Николай Иванович оглядел свой округлившийся живот и, вообразив себя танцующим и беседующим с барышней, улыбнулся.
— А разве теперь не хорошо? Ей-Богу, хорошо! — возразил кому-то капитан и в доказательство, что ему хорошо, выпил еще рюмку водки, но к печке присаживаться не стал. Ходить по комнате оказалось разумнее. Мысли пришли обычные, спокойные, ленивые — о том, что жид Абрамка поручику Ильину лакированные сапоги испортил; о том, сколько он будет получать денег, когда будет ротным командиром, и что казначей хороший человек, даром что поляк.
Последние годы Николаю Ивановичу усиленно приходилось доказывать, что ему живется хорошо, так, как нужно жить. Но доказательства принимались туго, пока капитан не обзавелся могучим союзником — графином. Когда с утра он выпивал две-три рюмки водки, все становилось ясным, понятным и простым. Не поражала своим убожеством грязная, пустая комната; не замечалось и того, что сам он стал нечистоплотен и ленив: по неделям не меняет белья, ленится чистить ногти, а когда и замечалось, то тут же опровергалось резонным соображением: «Ведь мне за барышнями не ухаживать!» Легче было и дело делать спустя рукава; не так обидно казалось и то, что он в пятьдесят лет штабс-капитан, тогда как иные товарищи его по выпуску уже полковники, а то и генералы. Переставало грызть бесплодное сожаление о том, что он четверть века убил на бессмысленную шагистику, в мелкой погоне за завтрашним днем растерял по дороге по частям свою душу. Легкий, приятный туман волновался перед Николаем Ивановичем, застилая от глаз все, что не есть четвертая рота Хоронского резервного батальона с ее жидом Абрамкой, преферансом по маленькой, приказами по полку и другими злободневными интересами.

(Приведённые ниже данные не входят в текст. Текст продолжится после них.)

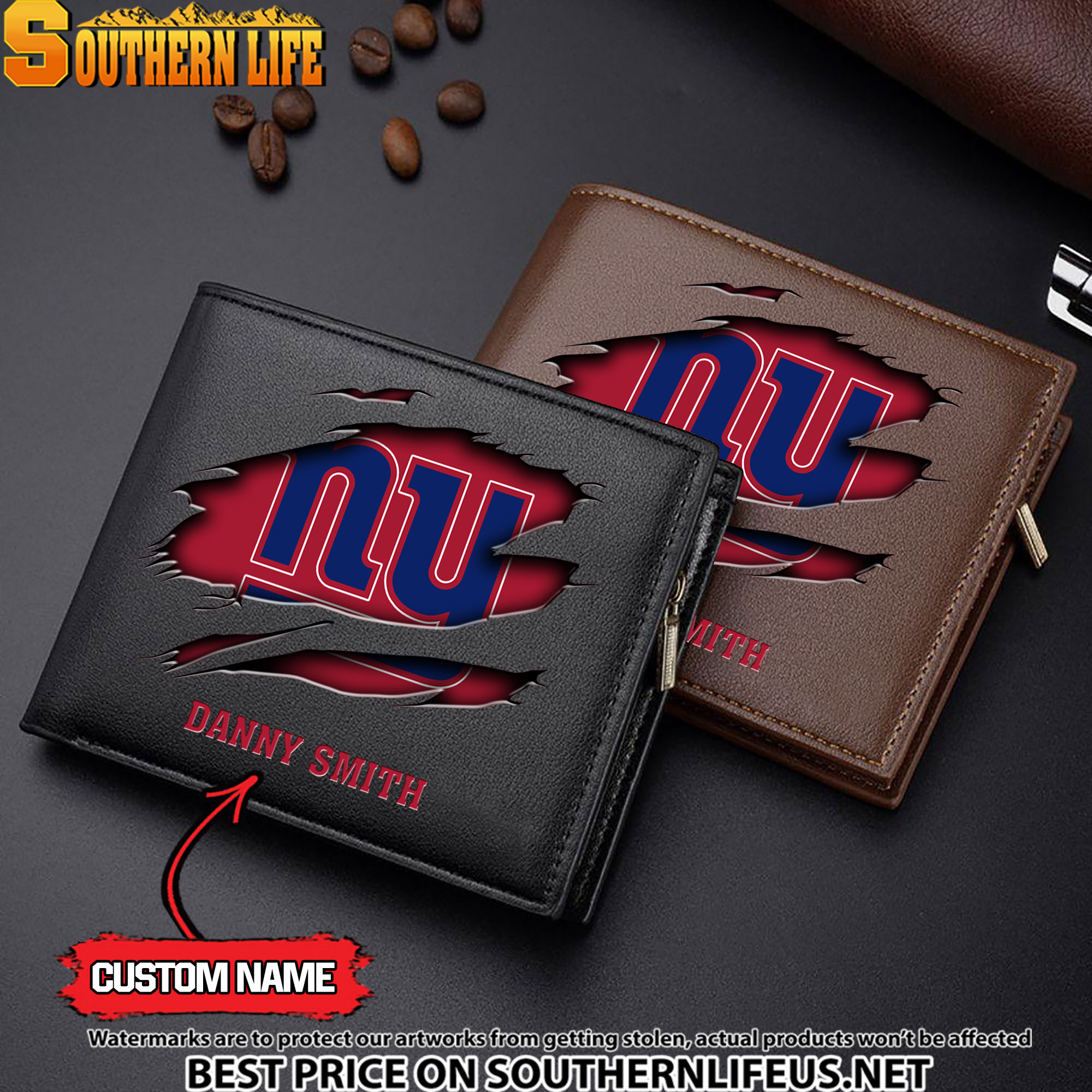 17 New York Giants Men’s Leather Wallet Custom Name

Но было раза два в году, что союзник капитана обращался в его злейшего врага. С мучительной яркостью и болью перед ним вставало сознание ужасной бессмысленности его жизни, — и тогда Николай Иванович пил запоем по две недели, в одном белье просиживая дома с одувшейся багровой физиономией. С пьяными слезами он жаловался товарищам, что его загубили, а когда товарищи покидали одичавшего, полубезумного от алкогольного яда человека, он ставил к притолоке денщика и, с последними попытками сохранить свое достоинство, суровым голосом рассказывал ему, что он, капитан, человек хороший, только не понятый. Когда и денщик уходил от сумасшедшего «его благородия», его благородие, положив голову на стол, плакал один, не зная, о чем он плачет, но тем горше, тем искреннее и больнее. По миновании запоя, капитан, совестившийся вспомнить и говорить о нем, не мог все же отделаться от ряда смутных, тяжелых воспоминаний. Одним из них, наименее тяжелым, было воспоминание о том, что Кукушкин в чем-то помогал и сочувствовал капитану. Был ли он крепче на ногах других денщиков и долее в состоянии был впитывать в себя капитанские излияния (летевшие на него иногда со стаканом и другою вещью, подвернувшейся Николаю Ивановичу под руку) или в чем-нибудь ином проявлял свое заботливое к нему отношение, капитан в точности уяснить себе не мог, но чувствовал к Кукушкину благодарность. Ради нее он до сих пор не прогонял Кукушкина и мирился с его официально признанной глупостью и совершенно отрицательным значением в капитанском хозяйстве: чего Кукушкин не мог разбить, то он портил другим, более или менее остроумным способом. Капитанские приказания он толковал так превратно, что даже другие денщики смеялись.